SOURCE RECORDS section start

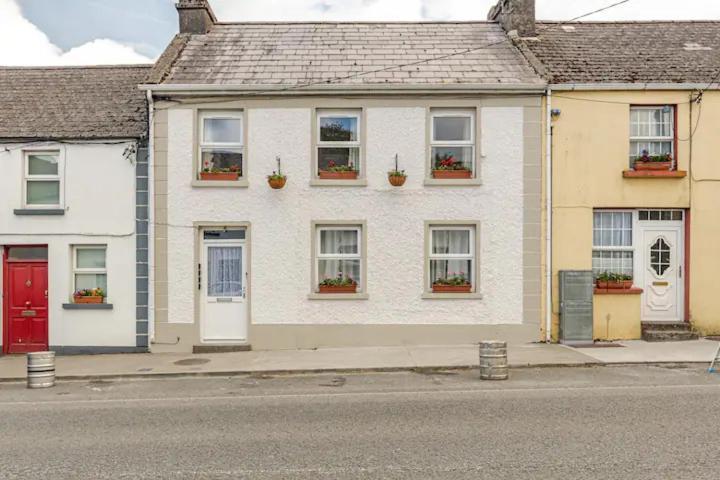 Hotel Doorstep To The Burren Gort Exterior foto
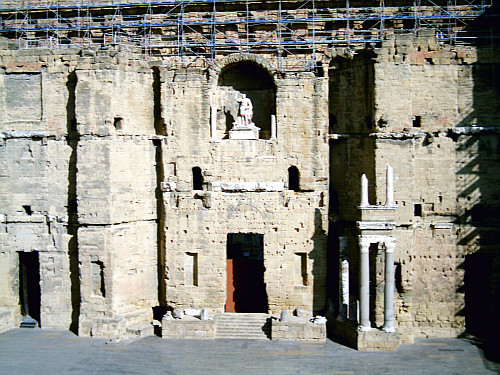 Mur de scène du théâtre romain d'Orange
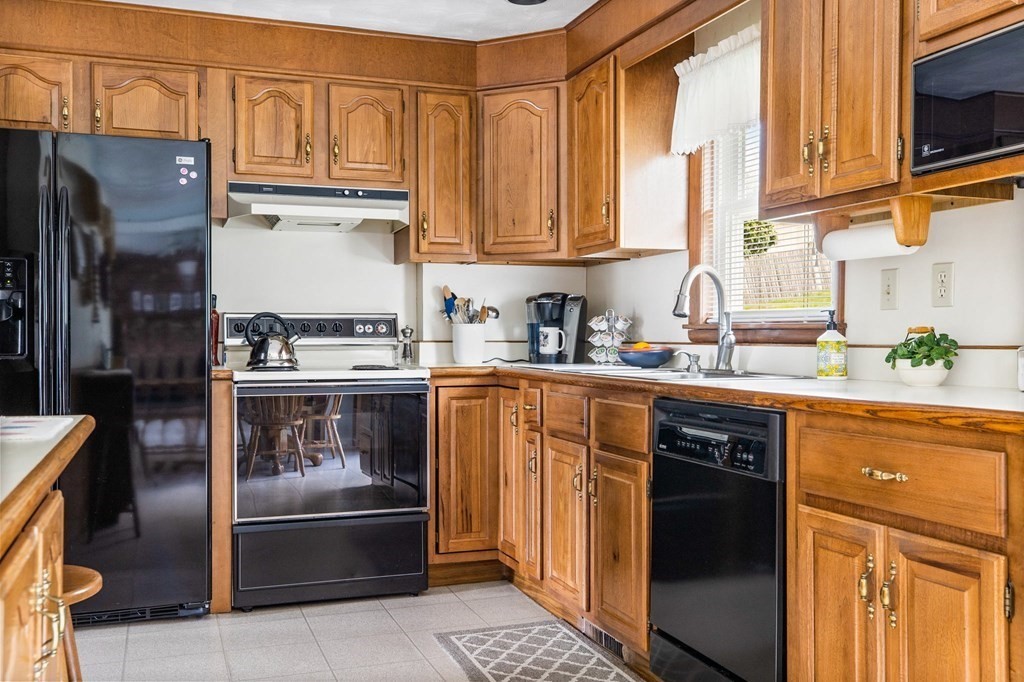 28 Bulow Road Hingham, MA 02043 - Photo 18 of 42 Gallery Image 18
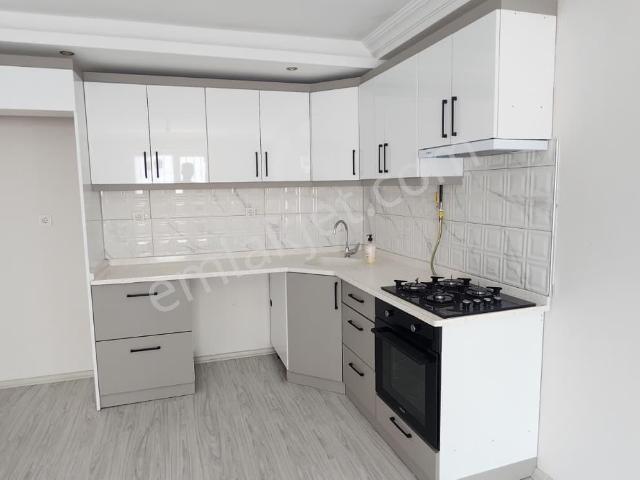 Nef Arkası Harika Konum, Yeni Bina, 74m2 Geniş Kiralık 1+1 Daire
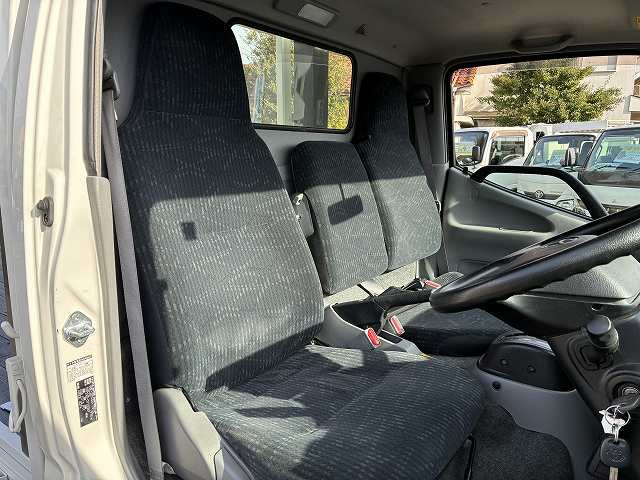 トヨタ ダイナ 小型 平ボディ ABF-TRY220(97681) 40枚目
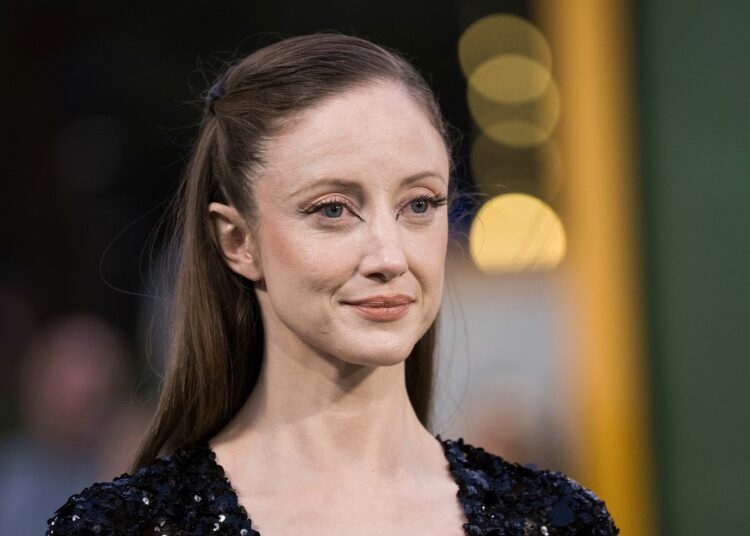 La Academia de Ciencias y Artes de Hollywood indaga si Andrea Riseborough consiguió nominación de forma ilegal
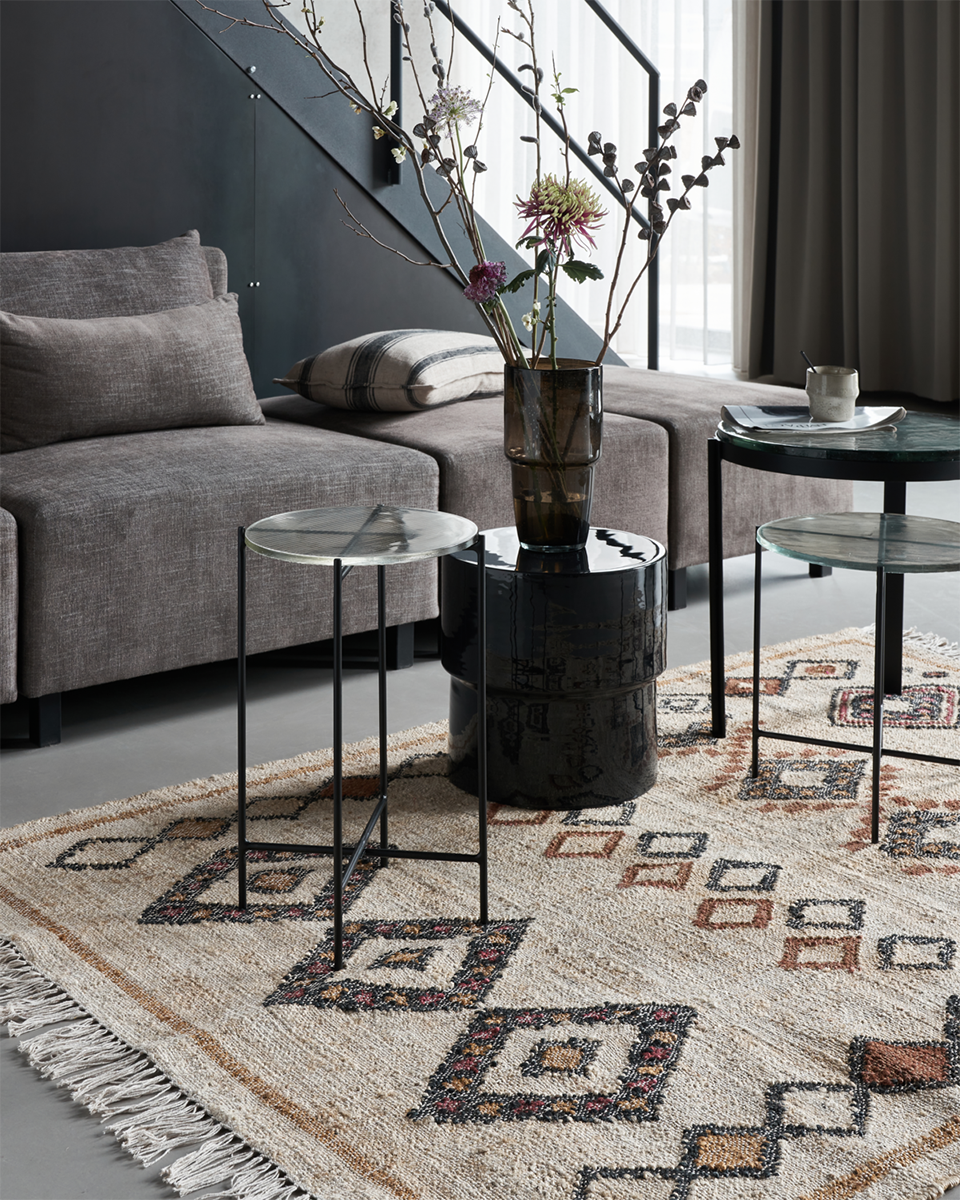 Tamu Black Side Table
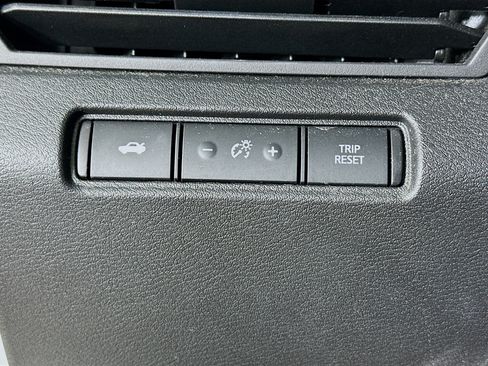 Used 2024 Nissan Altima 2.5 SR FWD image 17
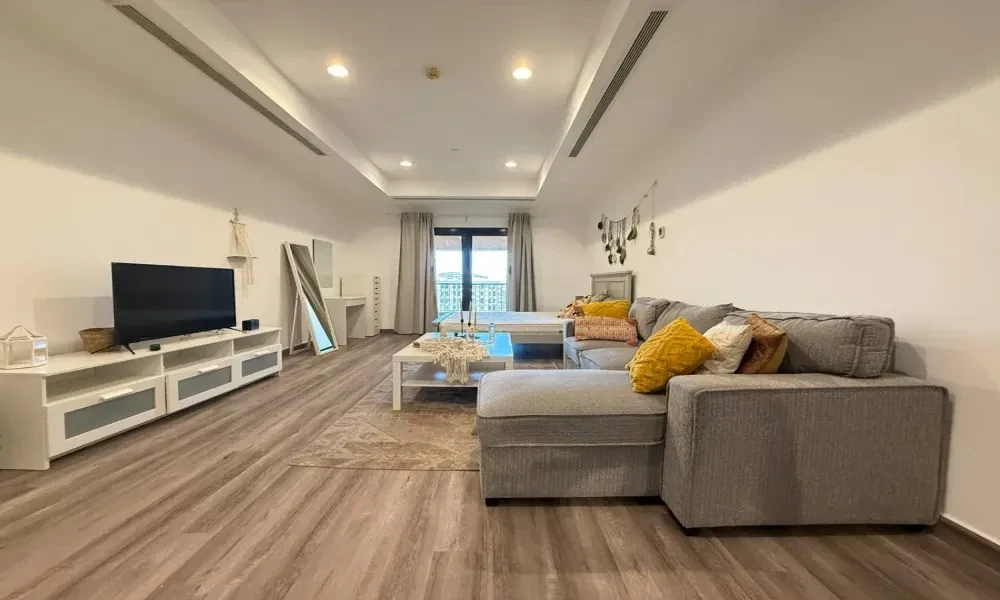 BILLS INCL. FF STUDIO W/ FULL AMENITIES + BALCONY small 3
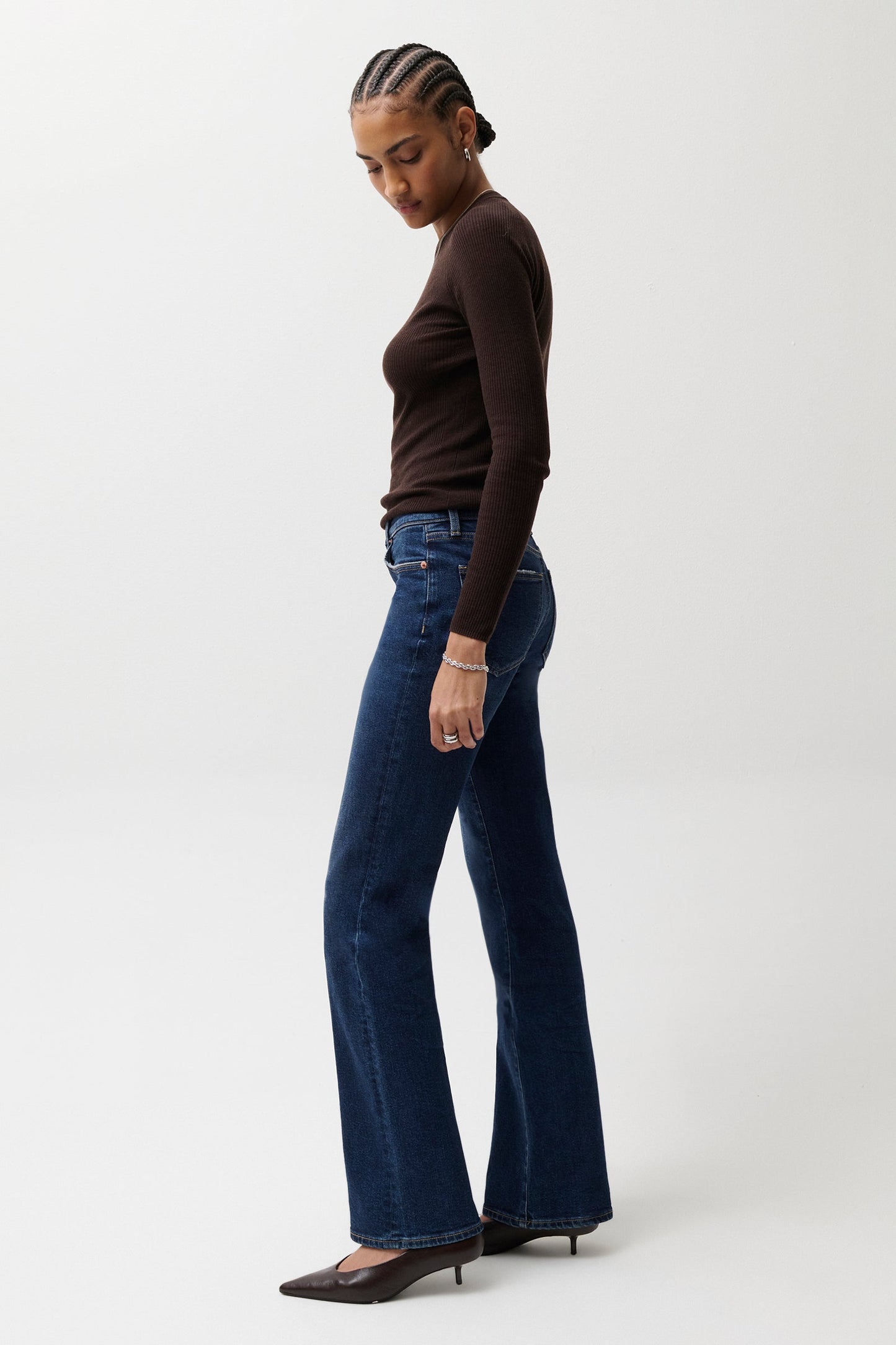 Allostudios – Evie Højtaljede Slim Boot Jeans - Mørk Blå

SOURCE RECORDS section end

PROBLEM TO SOLVE →
Reproduce each entry verbatim, excluding any embedded images.

EXERCISE SOLUTION →
 Hotel Doorstep To The Burren Gort Exterior foto
 Mur de scène du théâtre romain d'Orange
 28 Bulow Road Hingham, MA 02043 - Photo 18 of 42 Gallery Image 18
 Nef Arkası Harika Konum, Yeni Bina, 74m2 Geniş Kiralık 1+1 Daire
 トヨタ ダイナ 小型 平ボディ ABF-TRY220(97681) 40枚目
 La Academia de Ciencias y Artes de Hollywood indaga si Andrea Riseborough consiguió nominación de forma ilegal
 Tamu Black Side Table
 Used 2024 Nissan Altima 2.5 SR FWD image 17
 BILLS INCL. FF STUDIO W/ FULL AMENITIES + BALCONY small 3
 Allostudios – Evie Højtaljede Slim Boot Jeans - Mørk Blå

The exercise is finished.